Paul Weller (guitare) et Rick Buckler (batterie), originaires de Woking, dans le Surrey, se connaissent depuis 1973. C’est sur l’impulsion du guitariste Steve Brookes qu’ils forment The Jam qui n’est, à ses débuts, qu’un rassemblement de copains venus faire la fête. Paradoxalement, c’est avec le départ de Brookes en 1975 que le groupe, rejoint par Bruce Foxton (basse), devient plus sérieux et commence à faire des progrès, alors que ses membres vont encore à l’école.

Weller a 17 ans et vient de découvrir Dr. Feelgood et leur album, Down By the Jetty. Comme beaucoup de groupes punk, The Jam fait ses armes avec le pub rock.Grâce à leur manager, John Weller, qui n’est autre que le papa de Paul, The Jam entreprend dès le début 1976 d’écumer le circuit des pubs londoniens. C’est à cette époque que Paul découvre des groupes anglais des années 1960 comme The Who et The Small Faces, et, dix ans après ses nouveaux héros, devient à son tour un mod, sacrifiant à tous les rituels de cette tradition de dandys typiquement britanniques : il s’achète un scooter, une parka et se rend à des soirées Northern Soul.

Le mélange d’influences rock sixties et rhythm’n’blues va ainsi marquer sa musique pour toujours, et le son du groupe devient immédiatement plus nerveux et agressif. Weller constate qu’il est dans l’air du temps quand il découvre en juillet les Sex Pistols sur scène : ces leaders de la nouvelle vague punk aiment les mêmes groupes que lui (ils reprennent eux aussi des titres des Small Faces) et jouent avec la même énergie (et le même manque de technique…).

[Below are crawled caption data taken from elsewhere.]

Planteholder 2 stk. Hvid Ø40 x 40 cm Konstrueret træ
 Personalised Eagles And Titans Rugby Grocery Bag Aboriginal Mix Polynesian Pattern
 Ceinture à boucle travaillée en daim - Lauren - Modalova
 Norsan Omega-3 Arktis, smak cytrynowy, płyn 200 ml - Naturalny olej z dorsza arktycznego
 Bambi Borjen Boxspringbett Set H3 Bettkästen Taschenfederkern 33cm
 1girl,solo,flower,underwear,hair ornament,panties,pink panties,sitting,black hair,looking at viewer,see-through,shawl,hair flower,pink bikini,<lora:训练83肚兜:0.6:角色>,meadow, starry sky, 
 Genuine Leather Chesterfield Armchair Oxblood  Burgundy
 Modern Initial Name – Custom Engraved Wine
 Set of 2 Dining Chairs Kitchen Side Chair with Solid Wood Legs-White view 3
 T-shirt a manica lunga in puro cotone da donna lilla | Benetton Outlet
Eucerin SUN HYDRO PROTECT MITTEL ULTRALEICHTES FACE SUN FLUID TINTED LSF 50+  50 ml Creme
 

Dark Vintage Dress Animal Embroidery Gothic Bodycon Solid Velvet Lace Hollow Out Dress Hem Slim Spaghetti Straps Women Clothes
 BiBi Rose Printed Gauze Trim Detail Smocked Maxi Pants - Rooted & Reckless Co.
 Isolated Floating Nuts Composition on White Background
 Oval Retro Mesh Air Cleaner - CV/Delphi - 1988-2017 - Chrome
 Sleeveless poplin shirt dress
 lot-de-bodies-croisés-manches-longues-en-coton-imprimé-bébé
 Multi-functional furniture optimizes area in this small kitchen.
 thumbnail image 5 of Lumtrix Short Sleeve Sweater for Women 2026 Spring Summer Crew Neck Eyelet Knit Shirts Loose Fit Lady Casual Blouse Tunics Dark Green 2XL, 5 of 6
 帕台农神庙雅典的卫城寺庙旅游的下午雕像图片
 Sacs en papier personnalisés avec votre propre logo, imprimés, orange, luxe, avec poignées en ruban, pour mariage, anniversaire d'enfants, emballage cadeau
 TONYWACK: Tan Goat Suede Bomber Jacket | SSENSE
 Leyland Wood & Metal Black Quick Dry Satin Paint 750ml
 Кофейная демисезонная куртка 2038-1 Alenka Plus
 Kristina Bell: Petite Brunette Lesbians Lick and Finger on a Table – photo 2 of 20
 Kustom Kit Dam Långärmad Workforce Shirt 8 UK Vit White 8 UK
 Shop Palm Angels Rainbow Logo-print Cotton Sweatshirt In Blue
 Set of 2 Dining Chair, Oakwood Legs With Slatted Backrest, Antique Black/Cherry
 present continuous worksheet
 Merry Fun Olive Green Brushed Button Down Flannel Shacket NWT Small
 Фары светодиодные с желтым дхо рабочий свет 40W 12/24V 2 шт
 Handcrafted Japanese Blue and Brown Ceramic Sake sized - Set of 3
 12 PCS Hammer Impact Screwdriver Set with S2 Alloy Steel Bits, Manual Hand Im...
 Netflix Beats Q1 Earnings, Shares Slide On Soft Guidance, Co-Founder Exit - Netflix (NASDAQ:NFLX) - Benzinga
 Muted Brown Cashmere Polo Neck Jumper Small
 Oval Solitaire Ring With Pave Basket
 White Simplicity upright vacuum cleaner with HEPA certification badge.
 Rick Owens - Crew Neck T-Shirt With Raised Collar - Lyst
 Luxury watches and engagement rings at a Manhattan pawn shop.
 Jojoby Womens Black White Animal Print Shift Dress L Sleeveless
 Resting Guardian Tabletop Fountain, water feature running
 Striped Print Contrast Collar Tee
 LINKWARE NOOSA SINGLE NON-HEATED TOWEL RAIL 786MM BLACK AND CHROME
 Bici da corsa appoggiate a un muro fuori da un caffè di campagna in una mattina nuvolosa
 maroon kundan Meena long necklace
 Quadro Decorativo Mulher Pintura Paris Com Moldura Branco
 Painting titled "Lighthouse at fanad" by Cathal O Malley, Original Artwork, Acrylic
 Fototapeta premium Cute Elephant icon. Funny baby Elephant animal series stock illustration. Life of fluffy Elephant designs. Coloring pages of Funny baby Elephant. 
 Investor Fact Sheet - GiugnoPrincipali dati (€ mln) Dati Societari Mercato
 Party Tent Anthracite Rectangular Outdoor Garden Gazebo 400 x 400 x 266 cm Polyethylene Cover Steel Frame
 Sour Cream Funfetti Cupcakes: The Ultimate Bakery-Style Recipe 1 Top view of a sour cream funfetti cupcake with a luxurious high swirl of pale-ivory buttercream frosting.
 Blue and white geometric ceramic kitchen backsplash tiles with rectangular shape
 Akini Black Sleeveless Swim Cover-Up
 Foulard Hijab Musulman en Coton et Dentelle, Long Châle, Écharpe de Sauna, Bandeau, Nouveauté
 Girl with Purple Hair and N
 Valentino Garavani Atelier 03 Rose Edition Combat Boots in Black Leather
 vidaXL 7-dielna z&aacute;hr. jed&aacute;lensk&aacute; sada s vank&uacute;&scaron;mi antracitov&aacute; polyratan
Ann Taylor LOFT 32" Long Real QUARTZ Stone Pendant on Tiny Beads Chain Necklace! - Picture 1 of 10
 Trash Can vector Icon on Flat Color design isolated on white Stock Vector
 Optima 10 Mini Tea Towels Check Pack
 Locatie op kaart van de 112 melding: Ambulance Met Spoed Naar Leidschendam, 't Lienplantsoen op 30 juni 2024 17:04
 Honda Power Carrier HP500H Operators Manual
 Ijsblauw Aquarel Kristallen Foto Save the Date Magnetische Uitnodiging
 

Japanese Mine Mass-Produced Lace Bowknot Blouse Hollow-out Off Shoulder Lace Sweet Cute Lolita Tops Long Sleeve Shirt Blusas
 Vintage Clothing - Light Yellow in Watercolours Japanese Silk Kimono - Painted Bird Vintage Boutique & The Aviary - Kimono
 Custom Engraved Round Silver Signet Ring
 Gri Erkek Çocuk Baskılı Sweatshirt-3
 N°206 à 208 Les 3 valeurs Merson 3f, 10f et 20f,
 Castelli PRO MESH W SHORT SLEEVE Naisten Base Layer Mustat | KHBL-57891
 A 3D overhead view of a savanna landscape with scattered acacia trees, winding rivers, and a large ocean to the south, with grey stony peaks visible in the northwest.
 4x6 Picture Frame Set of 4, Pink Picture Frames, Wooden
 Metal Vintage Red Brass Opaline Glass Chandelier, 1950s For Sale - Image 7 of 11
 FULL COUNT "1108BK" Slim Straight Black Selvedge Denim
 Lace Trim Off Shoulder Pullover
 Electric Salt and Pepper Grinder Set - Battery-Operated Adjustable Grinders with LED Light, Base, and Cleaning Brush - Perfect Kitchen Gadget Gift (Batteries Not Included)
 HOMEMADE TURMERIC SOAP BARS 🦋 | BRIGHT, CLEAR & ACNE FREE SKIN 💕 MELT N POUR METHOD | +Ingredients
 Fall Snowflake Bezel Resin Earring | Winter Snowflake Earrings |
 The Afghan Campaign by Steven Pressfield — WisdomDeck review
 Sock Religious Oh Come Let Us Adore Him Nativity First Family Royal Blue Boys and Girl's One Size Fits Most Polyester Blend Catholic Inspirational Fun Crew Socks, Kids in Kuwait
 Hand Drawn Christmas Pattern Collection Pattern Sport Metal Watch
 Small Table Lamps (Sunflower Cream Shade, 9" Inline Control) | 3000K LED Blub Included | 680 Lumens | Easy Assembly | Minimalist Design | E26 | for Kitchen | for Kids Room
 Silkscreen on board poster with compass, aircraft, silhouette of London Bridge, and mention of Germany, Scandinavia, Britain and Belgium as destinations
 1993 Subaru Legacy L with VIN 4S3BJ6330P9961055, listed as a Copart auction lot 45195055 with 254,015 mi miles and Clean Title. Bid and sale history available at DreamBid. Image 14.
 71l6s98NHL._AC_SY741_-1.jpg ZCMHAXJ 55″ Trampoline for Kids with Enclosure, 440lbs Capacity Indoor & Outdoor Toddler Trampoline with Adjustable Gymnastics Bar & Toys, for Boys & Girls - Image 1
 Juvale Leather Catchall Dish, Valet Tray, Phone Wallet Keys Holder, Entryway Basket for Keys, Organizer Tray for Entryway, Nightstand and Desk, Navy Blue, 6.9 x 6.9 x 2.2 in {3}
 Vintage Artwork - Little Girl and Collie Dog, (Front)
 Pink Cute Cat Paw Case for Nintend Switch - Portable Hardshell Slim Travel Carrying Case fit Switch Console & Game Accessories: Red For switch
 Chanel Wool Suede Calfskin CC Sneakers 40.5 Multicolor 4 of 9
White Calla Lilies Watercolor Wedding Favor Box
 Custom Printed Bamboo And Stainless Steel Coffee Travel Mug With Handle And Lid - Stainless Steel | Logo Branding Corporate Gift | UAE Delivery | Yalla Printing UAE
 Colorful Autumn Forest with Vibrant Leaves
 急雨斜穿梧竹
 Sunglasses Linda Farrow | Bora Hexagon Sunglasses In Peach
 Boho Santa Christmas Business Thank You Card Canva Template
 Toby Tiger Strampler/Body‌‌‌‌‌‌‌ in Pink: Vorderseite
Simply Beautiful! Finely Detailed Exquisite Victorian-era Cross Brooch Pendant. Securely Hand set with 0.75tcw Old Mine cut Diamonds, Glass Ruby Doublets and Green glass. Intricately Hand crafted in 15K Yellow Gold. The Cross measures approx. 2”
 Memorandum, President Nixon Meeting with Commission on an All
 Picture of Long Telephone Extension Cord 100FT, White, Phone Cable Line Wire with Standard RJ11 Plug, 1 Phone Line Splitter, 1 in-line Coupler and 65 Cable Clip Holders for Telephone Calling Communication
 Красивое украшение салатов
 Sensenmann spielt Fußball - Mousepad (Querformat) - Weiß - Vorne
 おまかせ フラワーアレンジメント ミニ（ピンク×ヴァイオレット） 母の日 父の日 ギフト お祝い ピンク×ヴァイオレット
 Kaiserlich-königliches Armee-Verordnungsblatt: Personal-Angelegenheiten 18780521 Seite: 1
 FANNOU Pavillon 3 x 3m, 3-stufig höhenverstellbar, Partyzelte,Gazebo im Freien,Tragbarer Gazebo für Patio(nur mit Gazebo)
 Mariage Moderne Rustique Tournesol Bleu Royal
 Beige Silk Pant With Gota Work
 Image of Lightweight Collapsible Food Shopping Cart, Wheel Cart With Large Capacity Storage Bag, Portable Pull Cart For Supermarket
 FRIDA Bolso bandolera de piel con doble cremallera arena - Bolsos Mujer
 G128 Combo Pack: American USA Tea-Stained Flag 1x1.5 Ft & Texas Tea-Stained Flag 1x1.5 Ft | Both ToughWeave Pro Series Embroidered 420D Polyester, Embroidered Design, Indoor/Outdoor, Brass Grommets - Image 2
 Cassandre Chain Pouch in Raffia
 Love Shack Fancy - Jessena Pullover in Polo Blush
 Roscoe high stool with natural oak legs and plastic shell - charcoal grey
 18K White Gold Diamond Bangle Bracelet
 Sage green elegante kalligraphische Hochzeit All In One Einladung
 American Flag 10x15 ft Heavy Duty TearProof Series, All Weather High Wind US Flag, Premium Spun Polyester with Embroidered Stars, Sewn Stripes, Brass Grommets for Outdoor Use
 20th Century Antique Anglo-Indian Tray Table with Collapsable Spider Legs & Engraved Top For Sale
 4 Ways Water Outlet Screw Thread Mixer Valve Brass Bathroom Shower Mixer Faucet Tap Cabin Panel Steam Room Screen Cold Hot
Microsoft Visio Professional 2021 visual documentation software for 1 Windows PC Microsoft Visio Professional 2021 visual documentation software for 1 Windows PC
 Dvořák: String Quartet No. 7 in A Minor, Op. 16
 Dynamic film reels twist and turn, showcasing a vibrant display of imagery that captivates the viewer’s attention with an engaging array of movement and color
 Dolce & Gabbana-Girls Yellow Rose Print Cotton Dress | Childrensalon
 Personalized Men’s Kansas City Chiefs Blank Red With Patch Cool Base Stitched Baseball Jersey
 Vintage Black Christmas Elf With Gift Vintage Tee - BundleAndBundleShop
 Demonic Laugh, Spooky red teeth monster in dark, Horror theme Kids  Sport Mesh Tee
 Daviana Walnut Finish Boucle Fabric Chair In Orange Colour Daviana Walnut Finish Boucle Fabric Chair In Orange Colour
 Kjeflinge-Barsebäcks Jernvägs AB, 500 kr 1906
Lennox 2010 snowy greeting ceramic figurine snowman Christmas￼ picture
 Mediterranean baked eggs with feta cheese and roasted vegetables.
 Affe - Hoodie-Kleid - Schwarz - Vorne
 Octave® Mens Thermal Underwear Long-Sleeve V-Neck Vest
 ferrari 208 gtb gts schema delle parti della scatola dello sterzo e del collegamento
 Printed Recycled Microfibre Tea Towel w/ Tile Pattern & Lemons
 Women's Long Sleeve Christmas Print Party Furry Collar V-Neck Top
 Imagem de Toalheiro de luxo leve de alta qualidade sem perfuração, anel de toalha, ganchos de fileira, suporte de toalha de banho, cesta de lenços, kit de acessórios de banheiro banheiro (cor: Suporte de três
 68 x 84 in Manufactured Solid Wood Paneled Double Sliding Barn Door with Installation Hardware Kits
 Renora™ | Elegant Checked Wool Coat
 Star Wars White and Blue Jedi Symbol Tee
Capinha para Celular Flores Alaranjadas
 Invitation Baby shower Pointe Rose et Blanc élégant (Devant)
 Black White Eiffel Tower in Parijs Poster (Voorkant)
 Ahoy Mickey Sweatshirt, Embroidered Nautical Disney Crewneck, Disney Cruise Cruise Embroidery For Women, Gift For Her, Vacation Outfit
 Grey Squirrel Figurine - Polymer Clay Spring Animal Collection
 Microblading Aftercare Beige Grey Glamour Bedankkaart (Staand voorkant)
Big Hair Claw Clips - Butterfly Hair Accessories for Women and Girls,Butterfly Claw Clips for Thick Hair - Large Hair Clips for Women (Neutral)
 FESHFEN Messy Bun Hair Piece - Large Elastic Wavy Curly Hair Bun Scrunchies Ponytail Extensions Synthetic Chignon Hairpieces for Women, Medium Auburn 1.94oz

Un autre groupe phare de cette révolution musicale, The Clash, va jouer un rôle important en poussant Weller à écrire ses propres chansons dans une veine personnelle, comme il le confirmera bien plus tard, à sa façon, au magazine Mojo : « Certaines des premières chansons de The Jam étaient exécrables, des tentatives de prises de conscience sociales. Mais ce n’était que moi singeant The Clash, après avoir lu des interviews de Joe Strummer et de Mick Jones, disant que les gens devraient écrire à propos de ce qui se passe aujourd’hui. Je n’y avais jamais pensé auparavant. »

Ces chroniques virulentes de la vie de la classe moyenne, dans la grande tradition de celles que Ray Davies concoctait dix ans plus tôt pour les Kinks, seront en grande partie responsable du succès immédiat de The Jam auprès des jeunes anglais (on parlera bientôt de Weller comme de la « voix de sa génération ») et des moins jeunes : Pete Townshend (The Who) ne tardera pas à le considérer comme son digne successeur.

En septembre 1976, alors que le groupe se produit dans tous les clubs en vue de la capitale (Nashville Rooms, 100 Club, Greyhound), paraissent dans la presse les premiers articles à lui être consacrés. Il attire ainsi l’attention de Chris Parry, directeur artistique chez Polydor, qui a une revanche à prendre car CBS vient de lui piquer The Clash… The Jam signe avec Polydor en février 1977, pour une avance de 6 000 Livres (bientôt renégociée) !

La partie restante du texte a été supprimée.